Twenty five patients with unresectable non-small cell carcinoma of the lung have been treated with hyperfractionated radiotherapy with concomitant boost technique since September, 1989. Those patients with history of previous surgery or chemotherapy, pleural effusion or significant weight loss (greater than $10\%$ of body weight) were excluded from the study. Initially, 27 Gy were delivered in 15 fractions in 3 weeks to the large field. Thereafter, large field received 1.8 Gy and cone down boost field received 1.4 Gy with twice a day fractinations up to 49.4 Gy. After 49.4Gy, only boost field was treated twice a day with 1.8 and 1.4 Gy. Total tumor doses were 62.2 Gy for 12 patients and 65.4 Gy for remaining 13 patients. Follow up period was ranged from 6 to 24 month. Actuarial survival rates at 6, 12, and 18 month were $88\%,\;62\%,\;and\;38\%$, respectively.
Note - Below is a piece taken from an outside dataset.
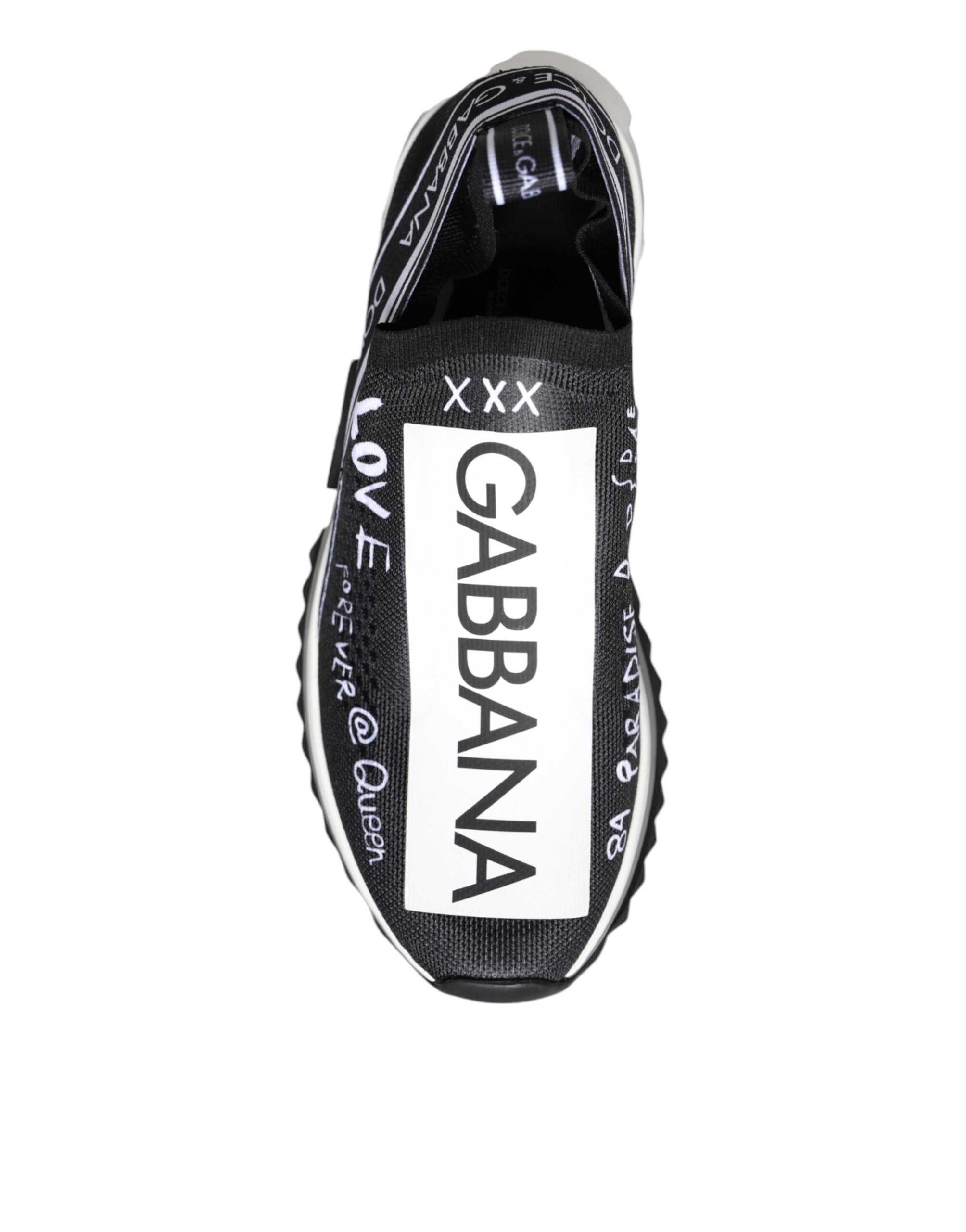 Dolce & Gabbana black and white slip-on sneaker in mesh fabric with white graffiti-style logo and text graphics.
Corresponding disease free suwival rates were $88\%,\;41\%,\;and\;21\%$, respectively. Actuarial cumulative local failure rates at 9, 12 and 15 month were $36\%,\;43\%,\;and\;59\%$, respectively. No significant increase of acute or late complications including radiation pneumonitis was noted with maximum follow up of 24 month. Although the longer follow up is needed, it is worthwhile to try the prospective randomized study to evaluate the efficacy of hyperfractionated radiotherapy with concomitant boost technique for unresectable non-small cell lung cancers in view of excellent tolerance of this treatment. In the future, further increase of total radiation dose might be necessary to improve local control for non-small cell lung cancer.